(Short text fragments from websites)
*** Block opens ***
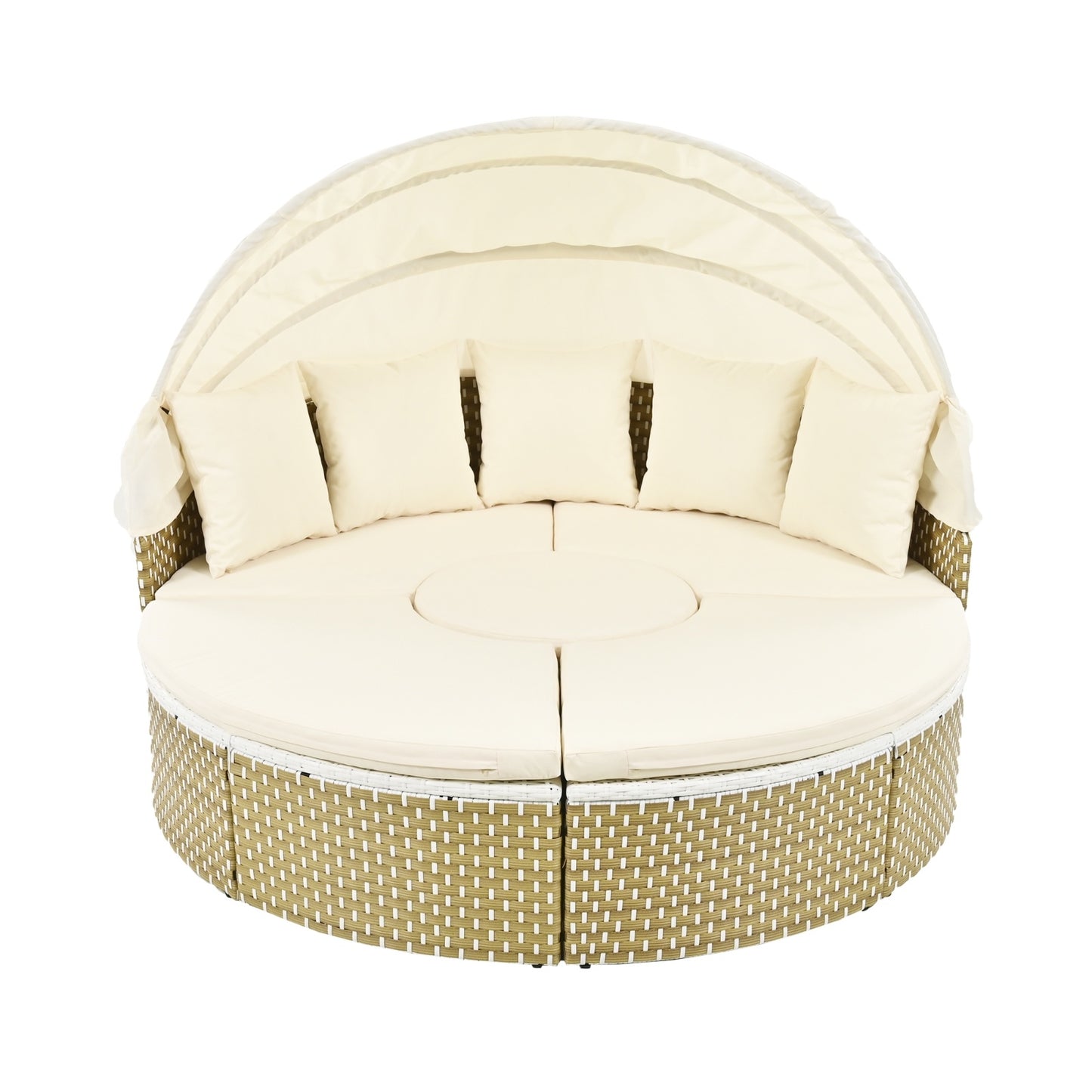 Ensemble de canapés d'extérieur ronds sectionnels TOPMAX Patio Furniture, lit de repos en rotin, bain de soleil tissé bicolore - LUXARAH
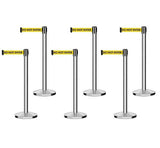 Set of (6) CCW Series RBB - 100 Retractable Belt Barriers - 11 Ft. Belts - Crowd Control Warehouse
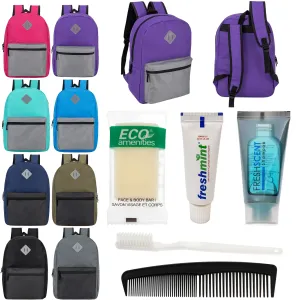 12 Diamond Patch 17" Backpacks in Multi Colors & Your Choice of 12 Bulk Hygiene Kits - Wholesale Care Package: Homeless, Emergency, Charity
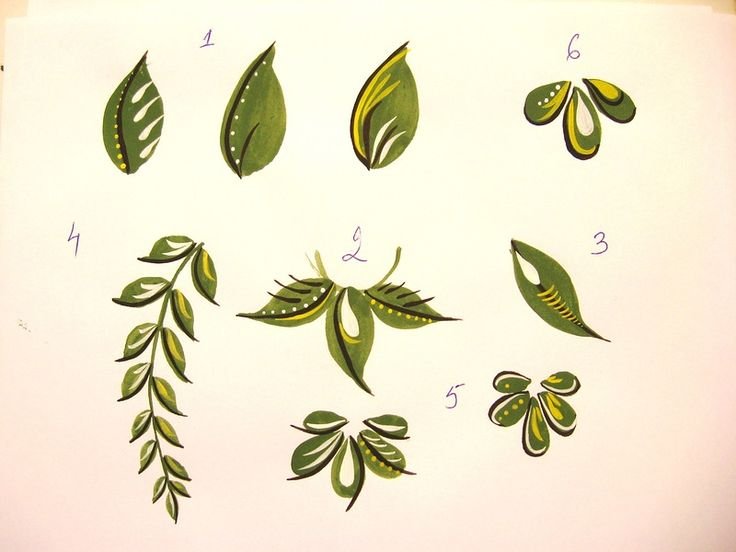 Городецкая роспись элементы листики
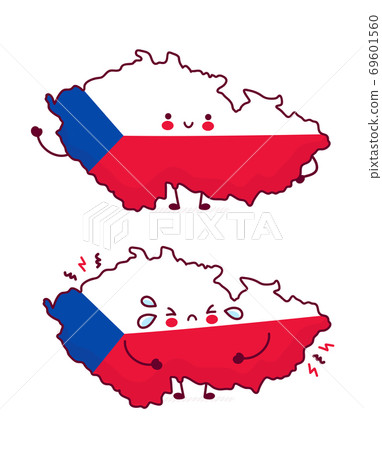 Cute happy funny Czech Republic map Cute happy funny Czech Republic map 69601560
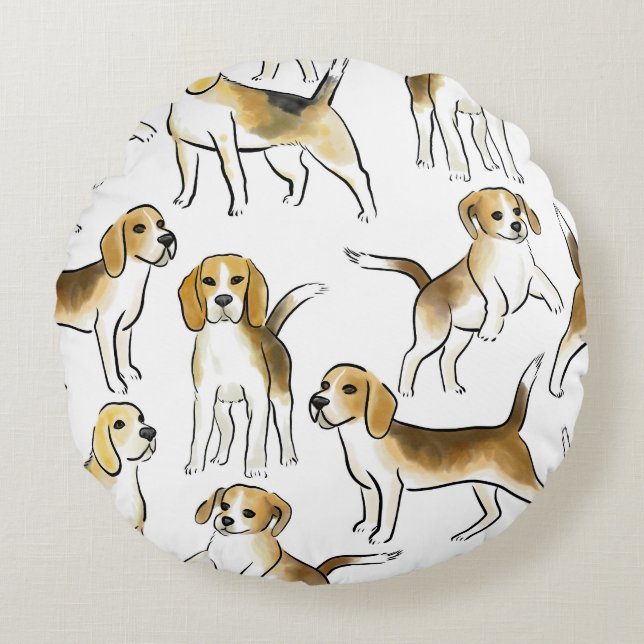 Beagle Beauty: Watercolor Dog Pattern Round Cushion (Front)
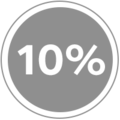 Et gråt symbol med tallet 10 % i midten, som viser en rabat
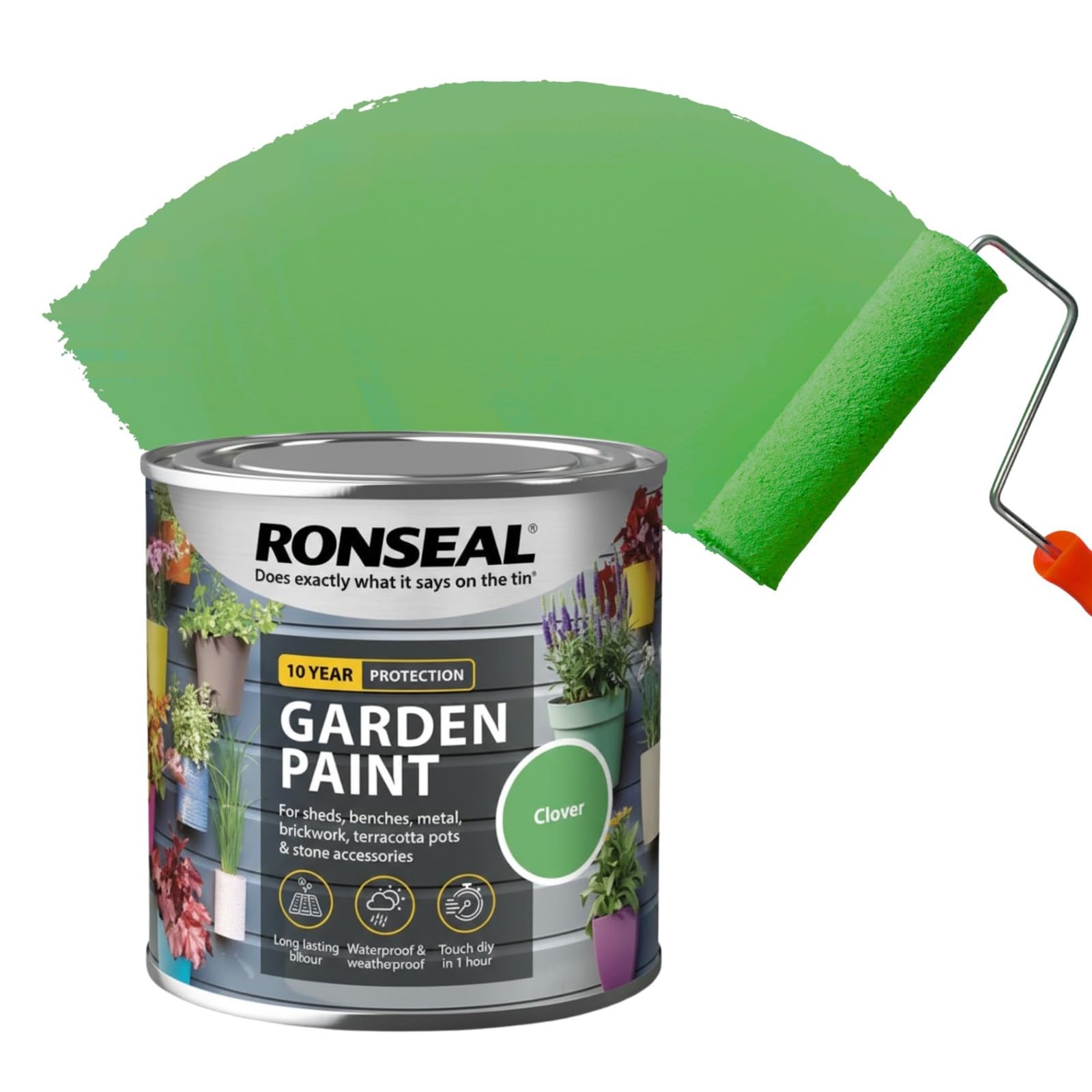AOC24 750ML Garden Paint Clover, Water Based Outdoor Paints, Long Lasting Weather Resistant, Fast Drying Color for Wood, Bricks, Pots, Anti Crack Peeling DIY Paint (Clover, 750 M L)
*** Block closes ***
Activity — Reproduce nothing but the lines from the line containing "Cute happy funny Czech Republic map Cute" through the last line of the data above, exactly as written and without pictures.

Solution for this problem —
 Cute happy funny Czech Republic map Cute happy funny Czech Republic map 69601560
 Beagle Beauty: Watercolor Dog Pattern Round Cushion (Front)
 Et gråt symbol med tallet 10 % i midten, som viser en rabat
AOC24 750ML Garden Paint Clover, Water Based Outdoor Paints, Long Lasting Weather Resistant, Fast Drying Color for Wood, Bricks, Pots, Anti Crack Peeling DIY Paint (Clover, 750 M L)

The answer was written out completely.